> EXERCISE GOAL:
Provide again, from the entries below, every line from the one containing "Rosette Dress in Crochet" through the one containing "シャープ オーディオリモコン MD-X3 RRMCG0080AWSA(中古品)", exactly as written, and no other line.

> ENTRIES SUPPLIED:
::::

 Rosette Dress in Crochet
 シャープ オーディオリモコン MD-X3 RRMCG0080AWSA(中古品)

::::

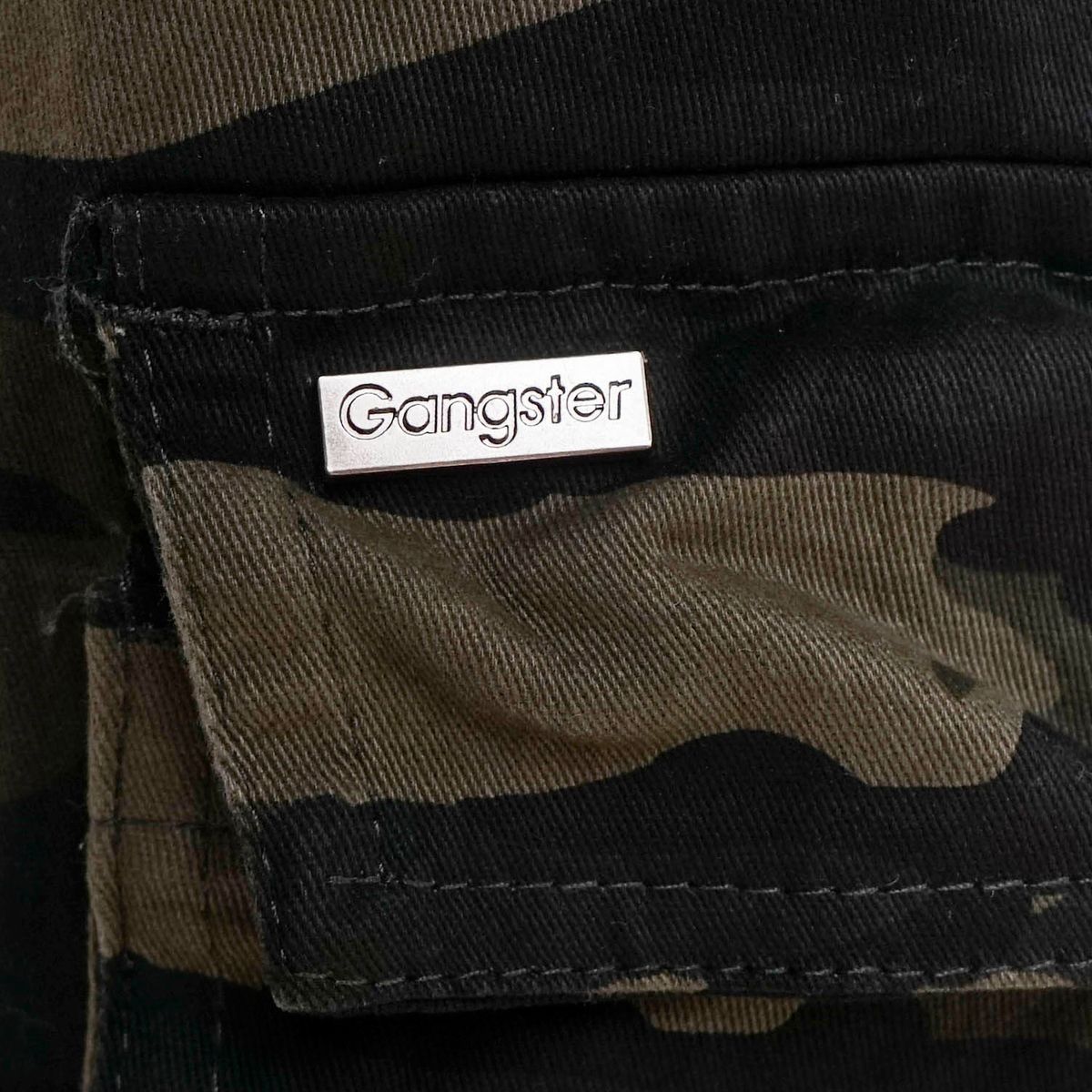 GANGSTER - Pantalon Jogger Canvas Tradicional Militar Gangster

::::

> ANSWER BELOW:
 Rosette Dress in Crochet
 シャープ オーディオリモコン MD-X3 RRMCG0080AWSA(中古品)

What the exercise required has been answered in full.